There is more than one downside...
Which one is more likely to cause a medical issue if the participant is truly unfit? What is meant by "high intensity"? Is it the suggestion of this article that I should get on a bike and pedal as hard as I can for one minute, rest for one minute, and repeat for 20 minutes? Not smart. There is so much information missing here and so many variables not discussed.
I would love to see studies to see if this translates to weightlifting as well, not just cardio.
But what about weight loss?
Isn't it better to do "slow and low"? (low intensity for longer periods of time)
I'VE KNOWN THAT FOR AT LEAST THE 40 YEARS I'VE BEEN DOING EXERCISES.... NEVER MORE THAN 20 – 30 MINUTES A DAY AND I STILL HAVE THE 46 – 32 – 36 INCHES ON A 6' 4" FRAME I HAD WHEN I WAS 20 YEARS OLD........OF COURSE EATING PROPERLY DOES MATTER..... IT'S CALORIES IN CALORIES OUT.... ANY DOCTOR WILL TELL YOU AT NO COST...... DIETS ARE SCAMS FOR LAZY.

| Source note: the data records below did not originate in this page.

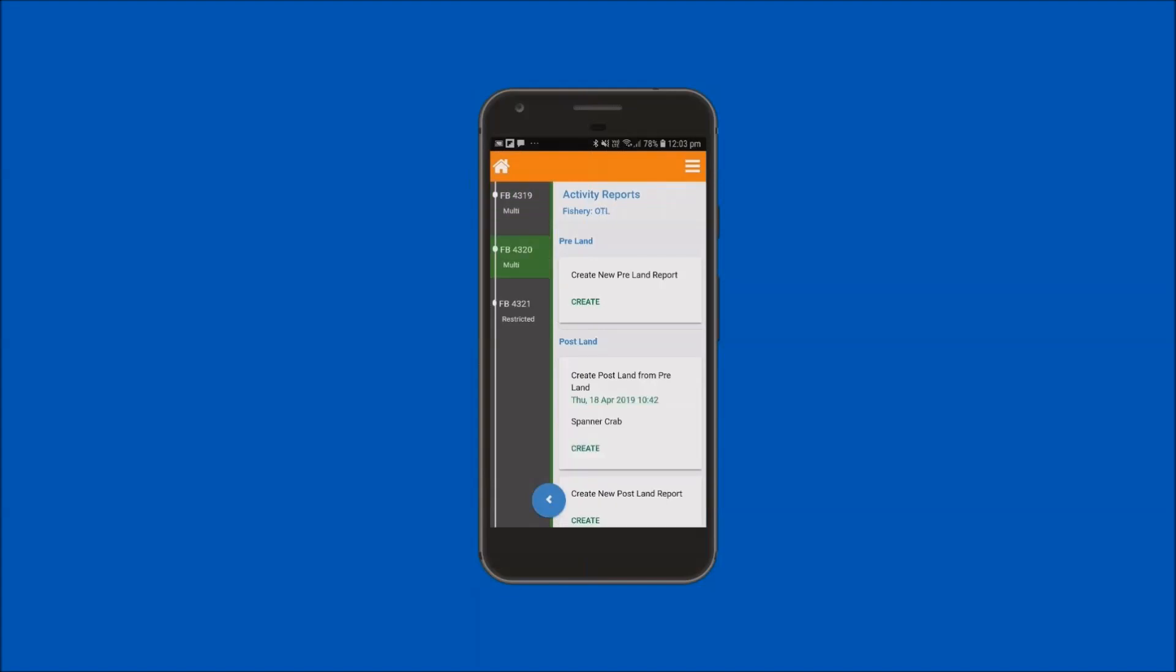For fishers with more than one business, each fishing business number in the side banner is labeled to assist with identifying the type of business, for example multi for ocean trap and line. Once the fishing business is selected, the activity reports relevant to that fishing business will be displayed. At the top of this screen fishers can identify the type of fisheries the business is endorsed for. In this example, this business contains ocean trap and line and you will see the fishery OTL displayed.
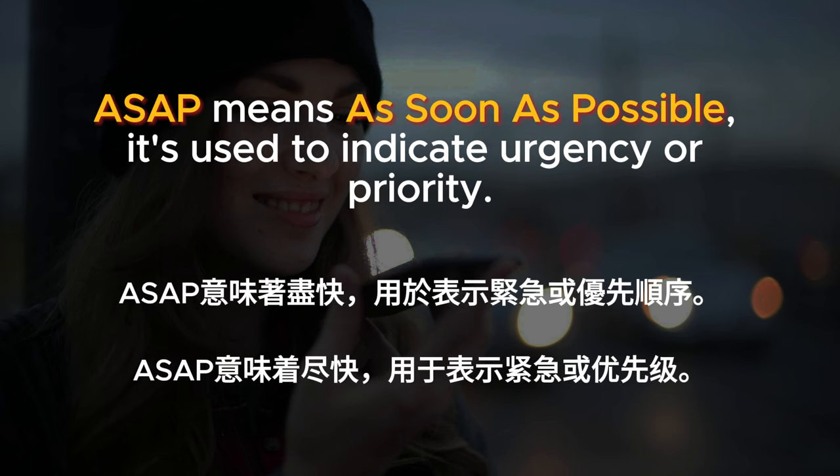ASAP means as soon as possible; it's used to indicate urgency or priority.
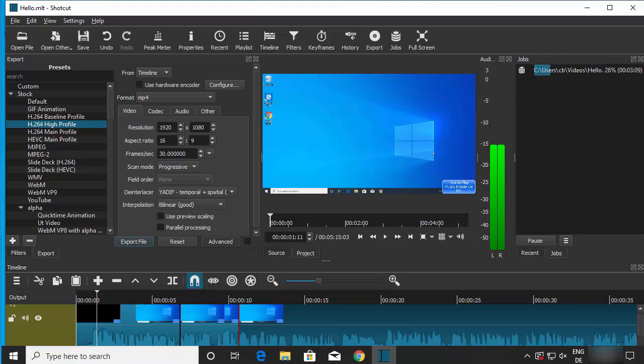That's how you can download, install, and use Shotcut video editor on your Windows 10 operating system. I hope you enjoyed this video, and I'll see you in the next one.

I work out for 40-45 min 3 days week. I don't have an exercise bike. I wish they would discuss other high intensity exercises that you could do without exercise equipment. I mean, i can fast high knees or quick jump roping for more than a minute just fine but i'm not sure if that's, "intense" enough. What about doing the squat in place or air chair for a minute. That really burns. Is that considered intense?
This IS nothing new. For the general fitness population, interval training as an alternative to steady-state endurance training has been around for quite a while. As usual, the fitness research community lags about 10 years behind those working in the field.
Here we go again, yet another study to show how "little" time it takes to get in "shape". It is all relative to what you are trying to accomplish, yeah its better to do something rather than nothing, but after working out for over 20 years what it comes down to is, intensity, duration, consistency and eating well. When studies like this are made and the headline reads "new study shows working out less but harder may be the answer ect...." you get average joe/jane thinking "well see i don't have to work out that much to get into shape" it just supports another excuse not to do what is necessary. There are too many variables with regards to what the individual is trying to achieve and what they perceive to be ideal fitness. If you trying to look like a greek statue there much more that goes into this than simply "work out less but more intense" The most important fact when it comes to fitness is "The principal of individual difference" what works for you may not work for me, this was coined back in the 60's by the bodybuilding community, check it out sometime.
Sounds great! I enjoy long weight training workouts, and can't do those too intensely, due to a mastectomy and various injuries (back, shoulder, elbow). But I'll start working toward shorter, harder workouts on the treadmill, which I enjoy much less in any case. - Leonore Dvorkin, Denver CO, almost 64 years old
This is positive news, and people like me who can fit workouts into a lunch break will benefit. However, far too many people don't get a suitable lunch break to change into workout clothes, then work out, then clean up and change back in time. Others don't have a safe environment in which to work out. Still others can't afford to join a gym, or they can't leave their kids alone while they go. We need to focus as a nation on teaching each other ways to get exercise at work and at home as part of the normal day, and workplaces need to get on board to support this. Encouraging walking groups, converting an empty meeting room into a gym, and bringing in healthy snack foods are all ways they can make a difference.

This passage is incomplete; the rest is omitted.